Only 47 years old, Nixon did not want to leave politics. He went back to California, wrote a memoir called Six Crises, and took on incumbent governor Pat Brown. Nixon felt that these activities were needed the position to establish national credibility again. However, Brown clobbered Nixon by over 300,000 votes. After the election, Nixon gave a rambling speech to the press declaring “you won’t have Nixon to kick around anymore.”
The losses to Kennedy and Brown reinforced for Nixon that the main reason he could not advance in politics was that the “Establishment” was out to stop him.
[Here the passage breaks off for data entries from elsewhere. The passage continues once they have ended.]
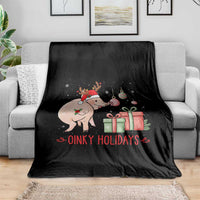 Oinky Holidays Throw Blanket Funny Christmas Pig Lover Gift - Wonder Print Shop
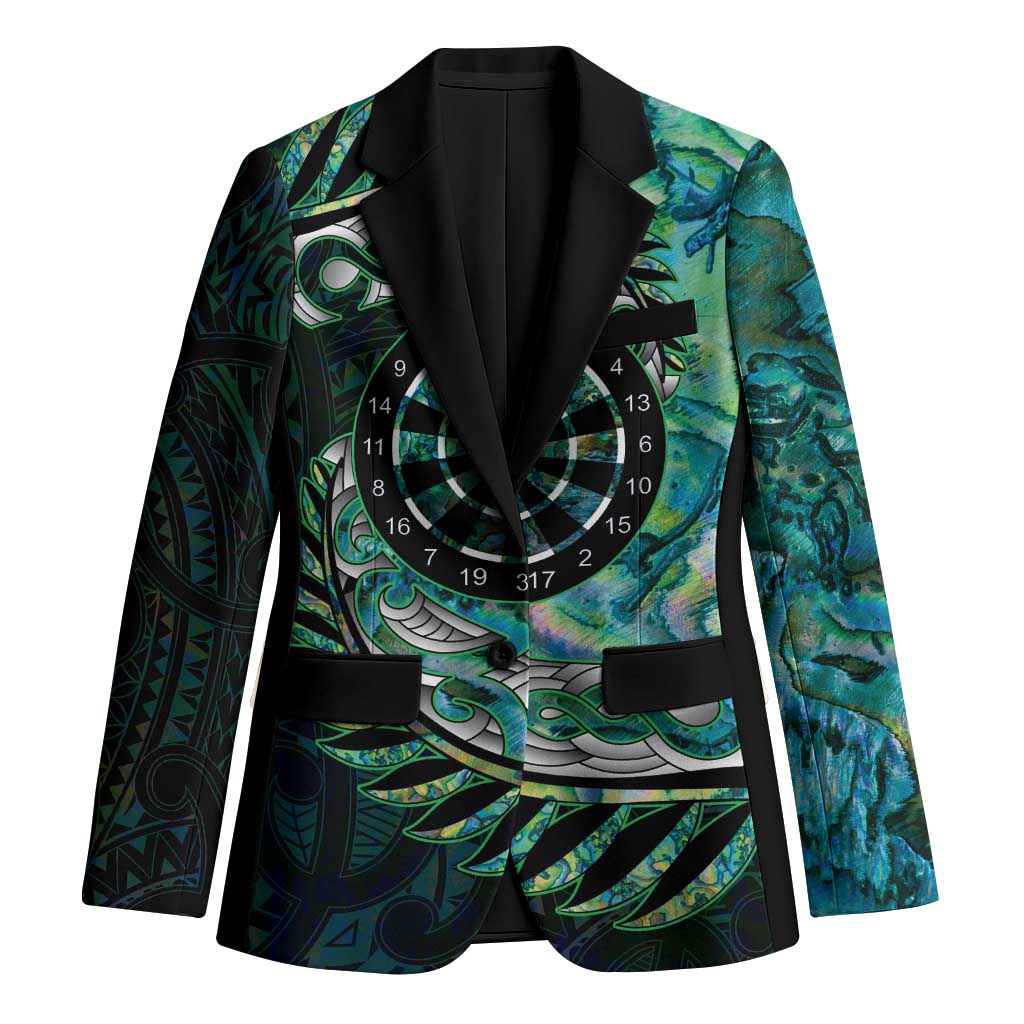 New Zealand Darts Personalised Blazer Aotearoa Silver Fern Green Papua Shell Spirit LT9 Unisex Green - Polynesian Pride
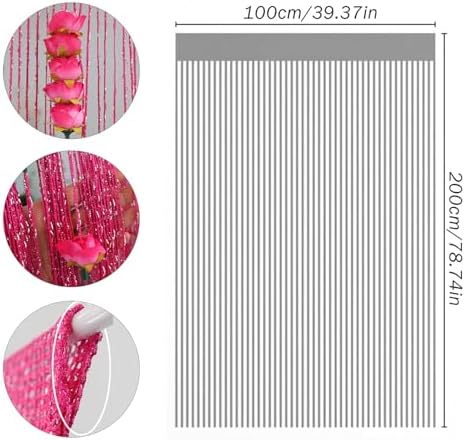 Beaded Door Curtain with Rose Rod Pocket Thread Fringe Decor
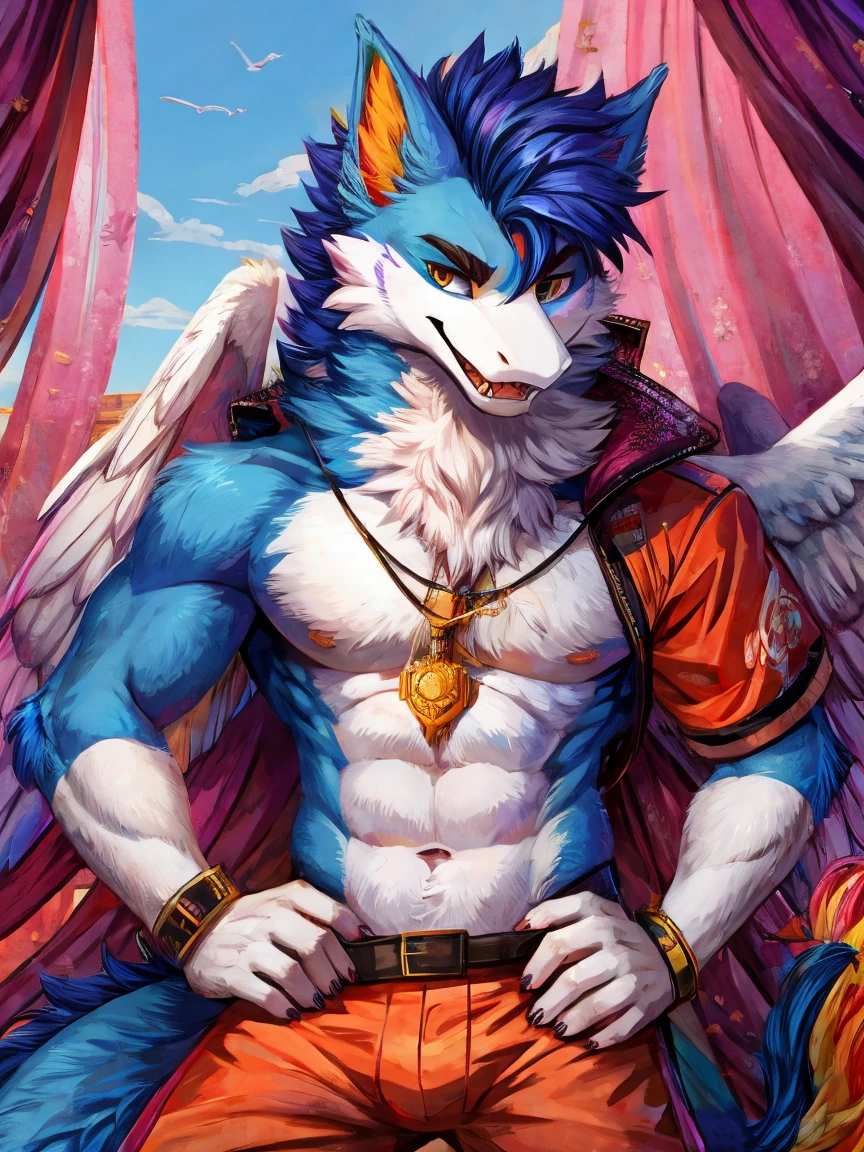 Wolf boy warrior, in trouser, body covered with ginger fur, Furry style,sexual,horny,very muscular wild ,full height,veiny massive muscles, very long ginger hair,freckles on the body and face,green eyes,defined muscles,sharp focus, young , friendly,Angel wings, stands high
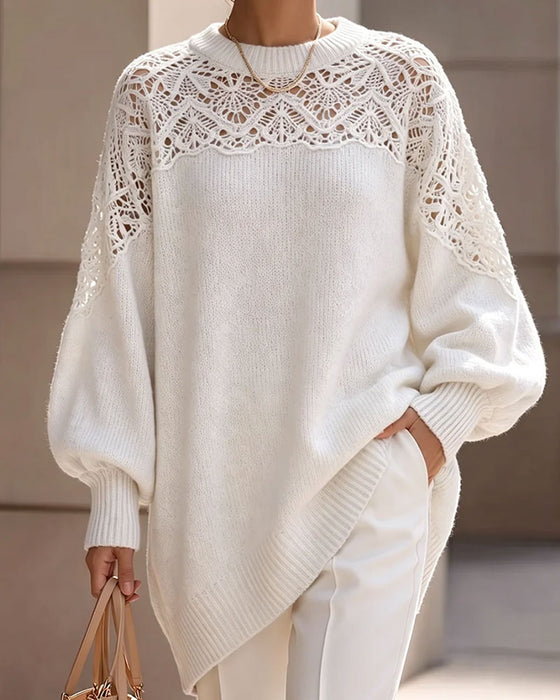 Pullover Aussparung Puff Ärmel Lang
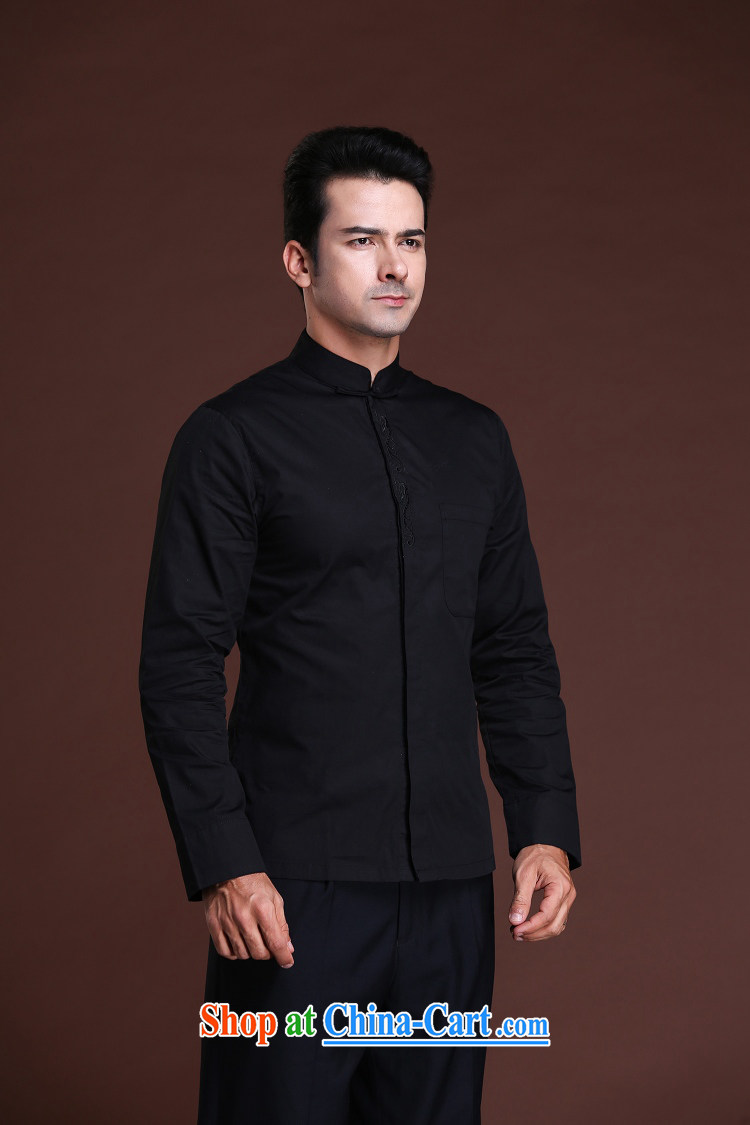 Summer FZOG new leisure men's solid color from hot deal with ribbed, middle-aged men's long-sleeved Tang black XXXL pictures, price, brand platters! Elections are good character, the national distribution, so why buy now enjoy more preferential! Health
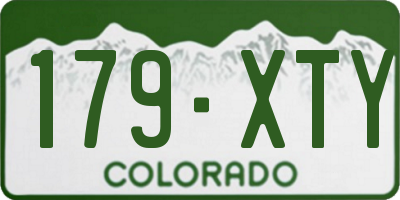 CO license plate 179XTY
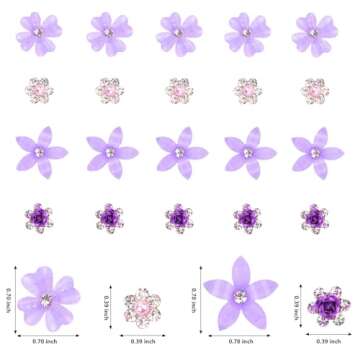 YISSION Mini Purple Rhinestone Hair Clips for Girls & Women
This group consisted of Ivy Leaguers (like Kennedy) or the media (all forms of them whom Nixon felt were out to keep him from office and distort his views.) Later on, Nixon would begin to include Jews among his enemies.
Nixon then started one of the country’s most remarkable political comebacks. First, Nixon moved to New York to increase his earning potential as a senior partner in a law firm. Nixon endorsed Republican congressional candidates. Nixon targeted 1968 as the year to start his comeback.
With the country deeply divided over the Vietnam War, civil rights, and other social upheavals, the Republican nominee was going to have a good shot at winning the White House. Nixon’s principal competitors for the nomination were Michigan governor George Romney, New York governor Nelson Rockefeller, and California governor Ronald Reagan. All the competitors had their shortcomings. Romney was too weak. Rockefeller had too much baggage. Reagan was too inexperienced. Nixon won the nomination fairly easily.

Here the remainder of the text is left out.